C’est à Ban Khoua Set que les 3 cascades Lo (Tad Lo) déversent leurs flots bouillonnants pour le plaisir des cataractophiles et celui des amateurs de belles images. Passage obligé des scootards*, c’est surtout le hameau de Ban Saen Vang qui profite de cette manne fortunée aussi quotidienne que fugace. De fait, Tad Lo désigne de façon générique l’ensemble du site incluant le village, les habitats dispersés et les chutes.
Fort de ses multiples charmes, ce petit bout de pays retient sans peine les adeptes du voyage en mode tortue.
Avantage, Tad Lo
Des atouts maîtres
- Trois cascades inégalement spectaculaires mais toutes baignables.
- Des parcours balisés à trimarder sans modération; Balisés, oui! C’est très rare au Laos.
- Proximité de villages ethniques Ta-Oy, Nyé, Pakoh et Katu – à traverser, à rencontrer –
- Une population aimable, souriante qui vit chichement de ce tourisme et n’en est pas (encore) saturée.
- Des fruiteries, des épiceries, un marché quotidien, un distributeur de billets (au fonctionnement très capricieux, ne misez pas tout dessus).
- Une belle variété de menus dans les cambuses pour répondre à la demande…(Beurre d’arachide, confiture, caviar de tomate, spaghetti bolo, curry-coco thaï, frites!)
- Une douceur de vivre dans une simplicité globale, naturelle, au stress minimal.
- Quelques « personnages clés » à croiser dont:
Mister Poh
Depuis 25 ans, le village a su profiter du développement touristique tout en maintenant son intégrité culturelle. L’intelligence et le charisme de M.Poh y sont pour beaucoup. Bien que propriétaire d’une guesthouse à succès, il a impulsé, en s’impliquant pleinement, nombre d’autres hébergements, restaurants et activités liées au passage des routards. Il a encouragé et aidé à lancer l’ouverture d’auberges aujourd’hui plus fréquentées que la sienne (il refuse de l’afficher sur les centrales de résa du Web). Il a impulsé cette diversité de l’offre en restauration en travaillant sur des recettes plus « ouvertes sur le monde ». Il a suggéré à Niay (du restaurant « I love you« ) l’idée de donner des cours de cuisine lao, Il a mis en valeur le travail de tissage des femmes et la mise en vente des produits. Il a encouragé l’accueil des voyageurs-travailleurs volontaires, lesquels ont mis leurs talents au service de la communauté.
Il conçoit de nouveaux itinéraires à suggérer aux touristes de passage.

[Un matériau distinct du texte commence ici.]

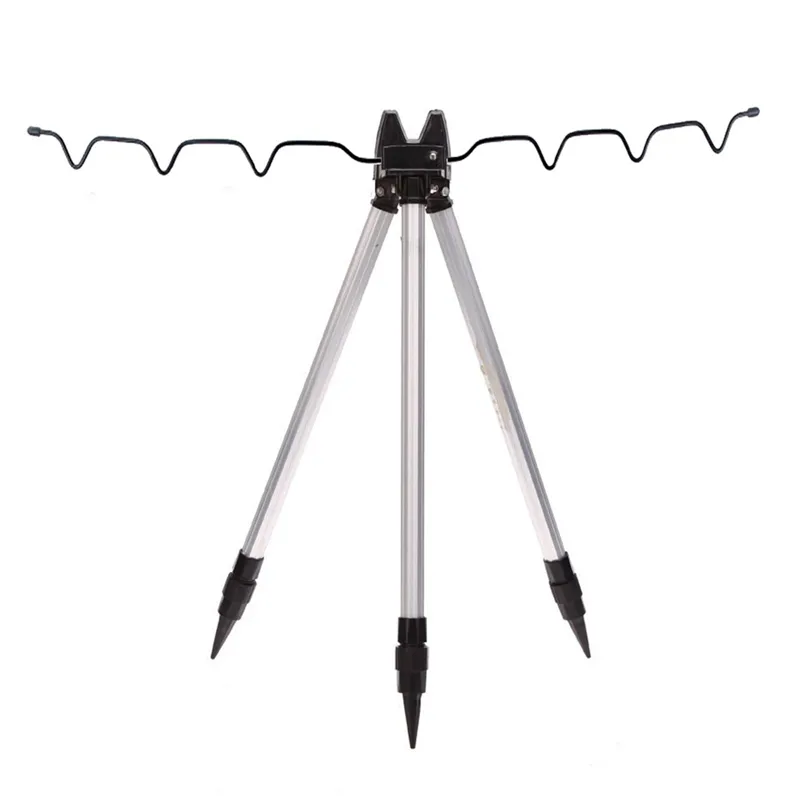 TRIPOD ZA 4 ŠTAPA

Arguant du fait que la nature doit profiter à tous, il s’est battu contre les institutions du pays pour que l’accès aux cascades Lo reste gratuit, (très rare sur le plateau des Bolovens). Résultat cocasse: s’y rendre par la rive gauche coûte 30 000 Kip, alors que par la rive droite, c’est cadeau. En Bénévole toujours, il conduit quotidiennement le ramassage scolaire.
Le repas en famille
Une ou deux fois par semaine, il organise un dîner en famille. Vers 18h15, les convives sont invités à préparer les agapes: pluches, découpes, fabrication des nems, divers beignets, salades, brochettes et autres plats qui égaieront la table. M.Poh, mine d’or culturelle ne peut être plus prolixe que durant ces repas-événement.
En récompense, un environnement difficile à blâmer si l’on excepte parfois la présence de canettes, de bouteilles, de sac plastiques… De ce côté-là, il reste du boulot de conscientisation à propager). Cliquez sur les photos pour les agrandir.
Randonner autour de Tad Lo
Pensant m’y poser 5 ou 6 jours, il m’a fallu 3 semaines pour en décoller. Le contact avec quelques slow voyageurs comme Gilles, Eva, Lino, Mathilda, Justin, Justina, Tina, Giulia et naturellement les locaux polyglotes dont Nicolaos ou M.Poh et tous les habitants aux abords attachants fut déterminant. J’ai appris à me servir des cartes GPS, à en fabriquer et, depuis ma confortable auberge, j’ai arpenté:
- La forêt sacrée, aux arbres millénaires géants,
- Tad soung,
- les rizières,
- les plantations de manioc,
- certains villages ethniques Katu, Laven, Souay, Ta-Yo.
Des itinéraires plus aventureux
En travaillant un peu sur les cartes GPS de Nicolaos, je me suis lancé dans des itinéraires plus aléatoires. Ceux que je vais développer dans cet article demandent de lever le pouce sur les parties goudronnées…
La grotte aux 9 ouvertures, (9 hole cave), Vat Thongkham
Une des plus aventureuses de mes journées fait echo à la citation de Robert Louis Stevenson.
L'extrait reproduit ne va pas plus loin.